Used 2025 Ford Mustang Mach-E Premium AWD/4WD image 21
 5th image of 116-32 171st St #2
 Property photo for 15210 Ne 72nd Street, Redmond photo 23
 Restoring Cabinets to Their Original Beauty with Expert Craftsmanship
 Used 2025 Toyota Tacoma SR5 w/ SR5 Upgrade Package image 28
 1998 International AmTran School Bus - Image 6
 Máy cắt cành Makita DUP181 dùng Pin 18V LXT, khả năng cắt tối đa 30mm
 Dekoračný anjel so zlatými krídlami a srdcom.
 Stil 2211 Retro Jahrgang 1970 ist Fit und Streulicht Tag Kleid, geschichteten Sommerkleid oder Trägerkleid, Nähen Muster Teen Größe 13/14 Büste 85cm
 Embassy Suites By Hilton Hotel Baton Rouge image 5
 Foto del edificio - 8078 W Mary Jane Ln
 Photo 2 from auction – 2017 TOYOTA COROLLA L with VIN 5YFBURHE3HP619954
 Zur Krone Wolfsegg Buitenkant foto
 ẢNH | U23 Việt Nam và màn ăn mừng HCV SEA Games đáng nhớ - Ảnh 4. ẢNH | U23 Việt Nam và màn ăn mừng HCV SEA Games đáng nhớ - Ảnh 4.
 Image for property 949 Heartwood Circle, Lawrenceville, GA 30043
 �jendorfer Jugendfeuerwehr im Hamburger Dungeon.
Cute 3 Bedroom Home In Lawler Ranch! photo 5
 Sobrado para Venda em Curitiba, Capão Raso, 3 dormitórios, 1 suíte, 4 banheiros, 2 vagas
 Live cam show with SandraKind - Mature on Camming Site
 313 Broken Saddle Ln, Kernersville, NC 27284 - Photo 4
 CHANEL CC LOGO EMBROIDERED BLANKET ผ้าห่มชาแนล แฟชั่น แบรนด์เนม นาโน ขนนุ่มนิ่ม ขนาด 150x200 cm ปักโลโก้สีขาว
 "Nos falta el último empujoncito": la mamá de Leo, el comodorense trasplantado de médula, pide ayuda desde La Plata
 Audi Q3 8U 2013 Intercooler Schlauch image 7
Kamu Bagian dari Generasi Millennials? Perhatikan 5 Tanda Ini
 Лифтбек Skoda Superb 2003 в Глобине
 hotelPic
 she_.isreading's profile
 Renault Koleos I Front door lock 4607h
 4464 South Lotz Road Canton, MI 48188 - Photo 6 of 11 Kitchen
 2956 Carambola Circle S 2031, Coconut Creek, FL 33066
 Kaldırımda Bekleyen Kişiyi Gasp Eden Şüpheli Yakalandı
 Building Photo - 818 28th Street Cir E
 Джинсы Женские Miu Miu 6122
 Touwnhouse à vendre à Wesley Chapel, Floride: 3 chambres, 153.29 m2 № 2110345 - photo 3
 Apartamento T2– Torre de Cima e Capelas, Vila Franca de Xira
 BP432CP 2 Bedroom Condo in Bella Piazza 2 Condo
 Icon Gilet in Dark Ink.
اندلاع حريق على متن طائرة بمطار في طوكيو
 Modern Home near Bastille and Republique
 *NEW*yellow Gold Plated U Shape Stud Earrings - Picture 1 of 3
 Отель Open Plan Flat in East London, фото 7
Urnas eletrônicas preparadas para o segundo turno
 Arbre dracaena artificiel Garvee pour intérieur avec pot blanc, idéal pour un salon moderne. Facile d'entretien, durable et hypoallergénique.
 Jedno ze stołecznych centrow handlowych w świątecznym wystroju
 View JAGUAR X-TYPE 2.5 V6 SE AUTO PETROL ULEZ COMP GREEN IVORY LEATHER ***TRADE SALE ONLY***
# # # # #
WORK INSTRUCTION: Copy out the records once more, exactly as they are written.

SOLUTION FOR THIS TASK:
Used 2025 Ford Mustang Mach-E Premium AWD/4WD image 21
 5th image of 116-32 171st St #2
 Property photo for 15210 Ne 72nd Street, Redmond photo 23
 Restoring Cabinets to Their Original Beauty with Expert Craftsmanship
 Used 2025 Toyota Tacoma SR5 w/ SR5 Upgrade Package image 28
 1998 International AmTran School Bus - Image 6
 Máy cắt cành Makita DUP181 dùng Pin 18V LXT, khả năng cắt tối đa 30mm
 Dekoračný anjel so zlatými krídlami a srdcom.
 Stil 2211 Retro Jahrgang 1970 ist Fit und Streulicht Tag Kleid, geschichteten Sommerkleid oder Trägerkleid, Nähen Muster Teen Größe 13/14 Büste 85cm
 Embassy Suites By Hilton Hotel Baton Rouge image 5
 Foto del edificio - 8078 W Mary Jane Ln
 Photo 2 from auction – 2017 TOYOTA COROLLA L with VIN 5YFBURHE3HP619954
 Zur Krone Wolfsegg Buitenkant foto
 ẢNH | U23 Việt Nam và màn ăn mừng HCV SEA Games đáng nhớ - Ảnh 4. ẢNH | U23 Việt Nam và màn ăn mừng HCV SEA Games đáng nhớ - Ảnh 4.
 Image for property 949 Heartwood Circle, Lawrenceville, GA 30043
 �jendorfer Jugendfeuerwehr im Hamburger Dungeon.
Cute 3 Bedroom Home In Lawler Ranch! photo 5
 Sobrado para Venda em Curitiba, Capão Raso, 3 dormitórios, 1 suíte, 4 banheiros, 2 vagas
 Live cam show with SandraKind - Mature on Camming Site
 313 Broken Saddle Ln, Kernersville, NC 27284 - Photo 4
 CHANEL CC LOGO EMBROIDERED BLANKET ผ้าห่มชาแนล แฟชั่น แบรนด์เนม นาโน ขนนุ่มนิ่ม ขนาด 150x200 cm ปักโลโก้สีขาว
 "Nos falta el último empujoncito": la mamá de Leo, el comodorense trasplantado de médula, pide ayuda desde La Plata
 Audi Q3 8U 2013 Intercooler Schlauch image 7
Kamu Bagian dari Generasi Millennials? Perhatikan 5 Tanda Ini
 Лифтбек Skoda Superb 2003 в Глобине
 hotelPic
 she_.isreading's profile
 Renault Koleos I Front door lock 4607h
 4464 South Lotz Road Canton, MI 48188 - Photo 6 of 11 Kitchen
 2956 Carambola Circle S 2031, Coconut Creek, FL 33066
 Kaldırımda Bekleyen Kişiyi Gasp Eden Şüpheli Yakalandı
 Building Photo - 818 28th Street Cir E
 Джинсы Женские Miu Miu 6122
 Touwnhouse à vendre à Wesley Chapel, Floride: 3 chambres, 153.29 m2 № 2110345 - photo 3
 Apartamento T2– Torre de Cima e Capelas, Vila Franca de Xira
 BP432CP 2 Bedroom Condo in Bella Piazza 2 Condo
 Icon Gilet in Dark Ink.
اندلاع حريق على متن طائرة بمطار في طوكيو
 Modern Home near Bastille and Republique
 *NEW*yellow Gold Plated U Shape Stud Earrings - Picture 1 of 3
 Отель Open Plan Flat in East London, фото 7
Urnas eletrônicas preparadas para o segundo turno
 Arbre dracaena artificiel Garvee pour intérieur avec pot blanc, idéal pour un salon moderne. Facile d'entretien, durable et hypoallergénique.
 Jedno ze stołecznych centrow handlowych w świątecznym wystroju
 View JAGUAR X-TYPE 2.5 V6 SE AUTO PETROL ULEZ COMP GREEN IVORY LEATHER ***TRADE SALE ONLY***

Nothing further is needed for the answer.